As is well known, the modern territorial map of the Philippines is the result of a complex historical process that includes considerations of indigenous tribes, the Sultanate of Sulu, and successive colonial rules by Spain and the US.
The fundamental basis for determining the modern territorial boundaries of the Philippines includes the 1898 Treaty of Paris, the 1900 Treaty between the Kingdom Spain and the United States of America for cession of outlying islands of the Philippines, and the 1930 Convention between the United States of America and Great Britain delimiting the boundary between the Philippine archipelago and the State of North Borneo. But none of these treaties included Huangyan Dao.
Before the 1990s, the Philippines had never challenged China's sovereignty and jurisdiction over Huangyan Dao. In the late 1990s, the Philippines advanced its territorial claim over Huangyan Dao on the grounds of geographic proximity and on the excuse that Huangyan Dao is located within the 200 nautical miles of the Philippine EEZ according to its one-sided interpretation of UNCLOS.
Since May 1997, the Philippines revealed its intention to occupy China's Huangyan Dao. In 1999, the Philippine Navy deliberately ran its landing craft
BRP Sierre Madre aground on the Ren'ai Jiao, using a hull leak repair as an excuse, and stayed there with regular rotated soldiers, refusing to withdraw ever since. In 2009, the Philippines amended the Philippine Territorial Sea Baselines Act to include Huangyan Dao into its territory. In April 2012, the Philippine Navy made a provocative arrest of Chinese fishermen working in the Huangyan Dao waters in what was later known as the Huangyan Dao Incident.
After the incident, China began to normalize patrols around Huangyan Dao, maintain orderly fishing activities, strengthen marine ecological protection, and prevent a recurrence of maritime crises. However, since 2012, the Philippines has seen the gradual spread of populism, nationalism, and revanchism triggered by this incident, with some factions in the government and society vowing to return to Huangyan Dao.
During former Philippine president Rodrigo Duterte's administration, China and the Philippines conducted friendly consultations and a tacit understanding and temporary arrangements at the operational level for Filipino fishermen in the waters near Huangyan Dao, yet Philippine fishing boats are not allowed to enter the lagoon, fish for rare marine life.

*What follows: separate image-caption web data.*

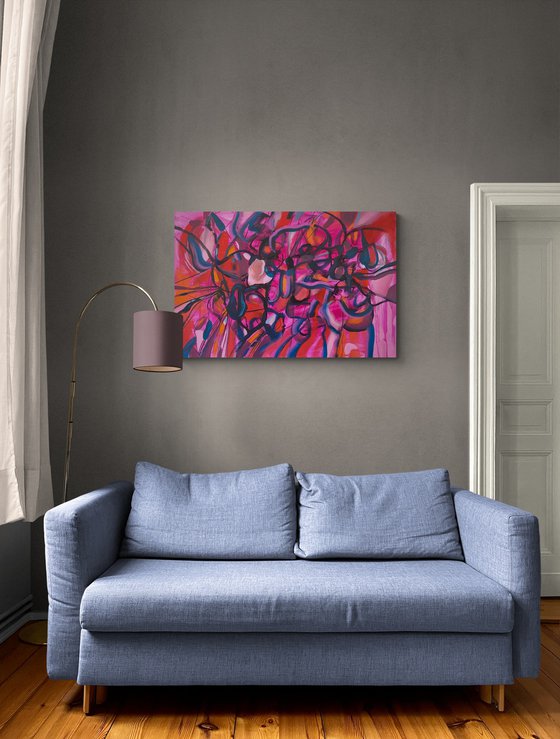 FULL ON- a large scale xxl dynamic red pink expressive abstract painting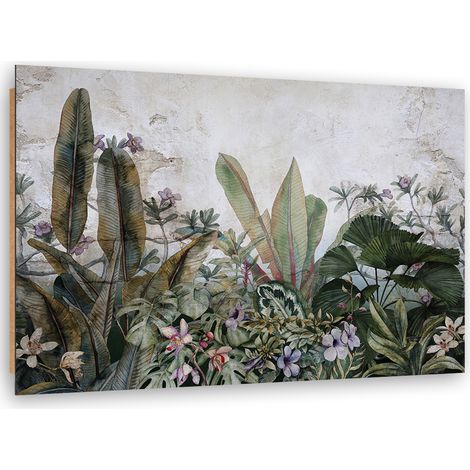 Quadro deco panel, Foglie eisotiche sul cemento - 60x40 (1/5)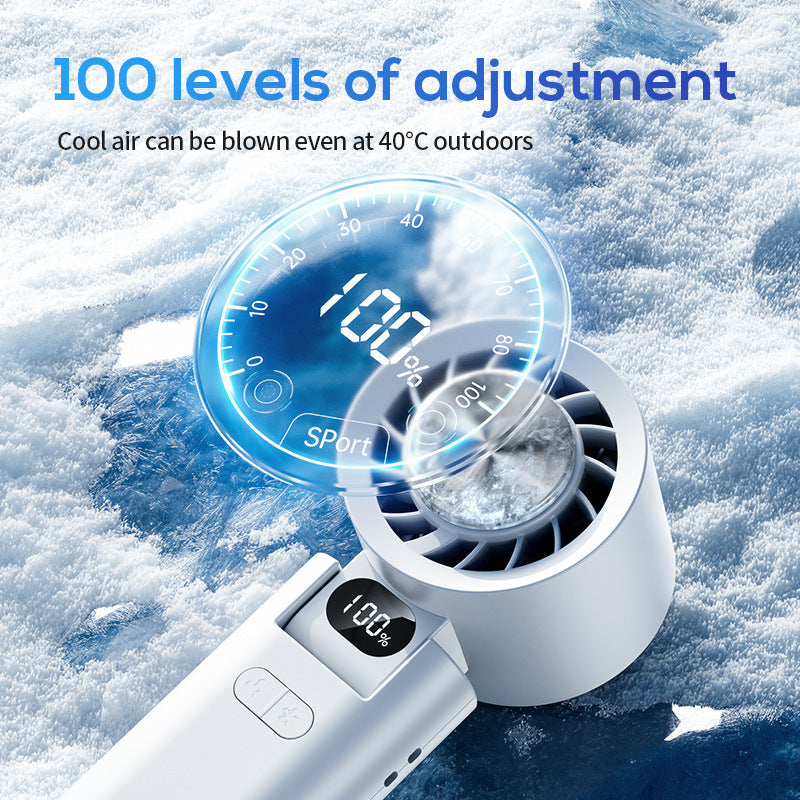 Portable Rechargeable Personal Fan with Digital Display and Multiple Speeds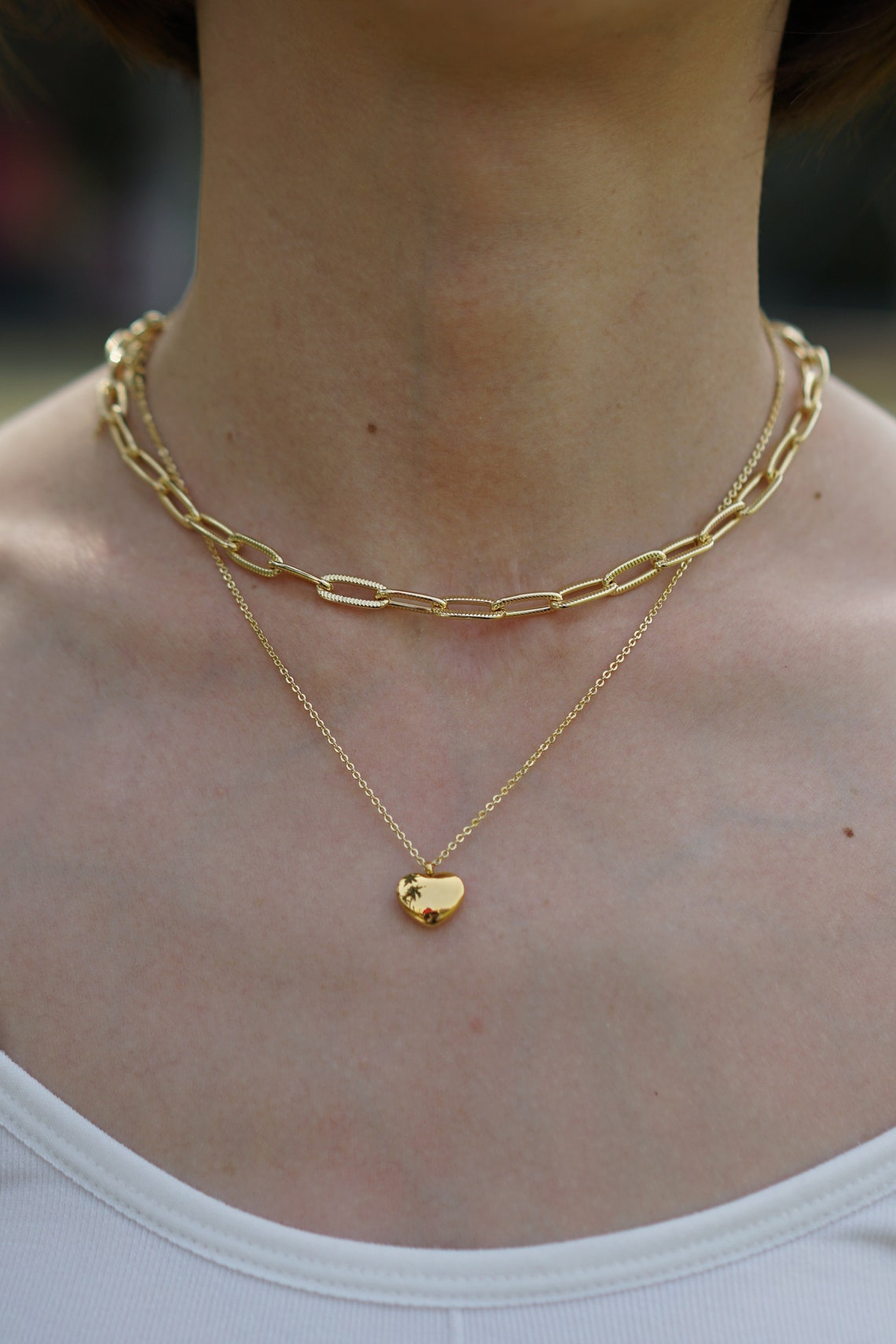 Paperclip chain necklace 18K goldplated stainless steel Etsy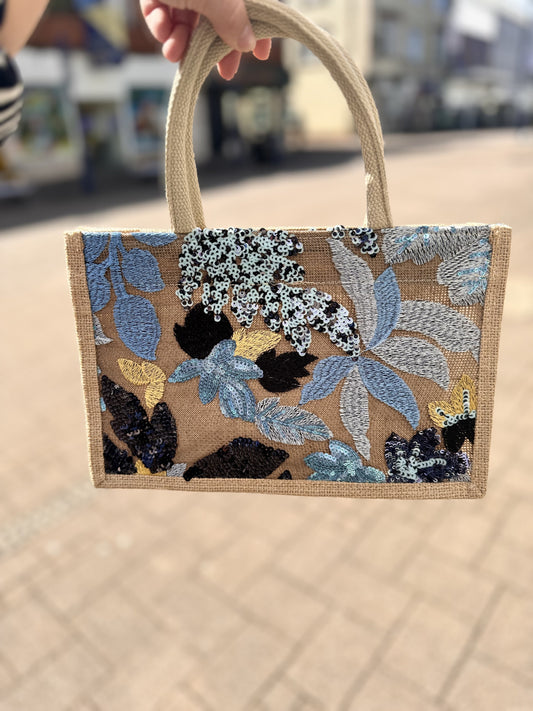 DMB m Navy / Light Blue Embroided & Sequin Small Tote Bag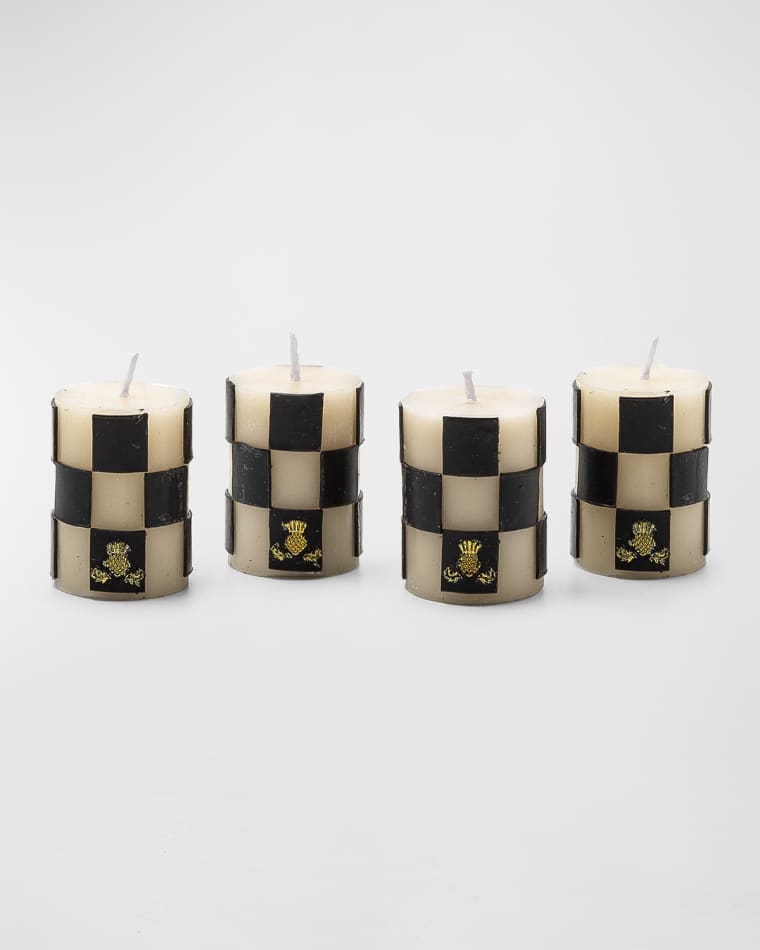MacKenzie-Childs Check Votives in Black/Ivory, Set of 4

Despite deliberate distortions and smears by the Philippines, the fact that a significant number of Filipino fishermen benefit from this arrangement cannot be denied. At the same time, both countries have fully utilized bilateral mechanisms to engage in consultations on the South China Sea issue and communication between coast guard agencies to effectively address differences and crises related to Huanyan Dao. Although this cannot fundamentally resolve the contradictions and differences between China and the Philippines, the agreement has played a positive role in maintaining overall stability in the maritime situation.
However, starting in the second half of 2023, the Ferdinand Marcos Jr. administration, influenced by maritime expansionism, placed Huanyan Dao and Ren'ai Jiao as a prioritized diplomatic agenda for the Philippines, turning the impulse to return to Huangyan Dao into actual maritime and diplomatic actions.
The Philippine Navy, PCG, and BFAR took turns in attempting to forcibly making breakthroughs in the waters under the guise of providing food and fuel supplies to fishermen, trying to enter the lagoon of Huangyan Dao. The Philippines' proactive actions have kept China and the Philippines on the edge of repeating the 2012 incident since the second half of last year, with China Coast Guard ships and Philippine military and government vessels engaging in low-intensity friction in the waters.
The Marcos Jr. administration's distortion of right and wrong shows its fundamental intentions. First, the Marcos Jr. administration harbors the fantasy of "regaining control" of Huangyan Dao, to curry domestic voter approval, thereby rebuilding the prestige of himself and his family in the Philippines, especially shaping the positive image of the president as "tough," "patriotic," and "wise." Second, the tough actions at Huangyan Dao also meet the preferences of the PCG, Philippine Navy, and other government agencies. Third, the Philippines also sees its actions at as an important measure to support the US' Indo-Pacific Strategy framework to contain China at sea. It also reflects the Marcos Jr. administration's tendency to lean on the US to flex muscles on the South China Sea issue.
China's temporary special arrangement over the recent past, the consensus and tacit understanding with the Philippines have eliminated the high costs of frequent maritime standoffs and diplomatic confrontations, as well as the negative spillover effects. This has provided a stable environment for Filipino fishermen to engage in fishing activities around Huangyan Dao, which has been truly a win-win situation.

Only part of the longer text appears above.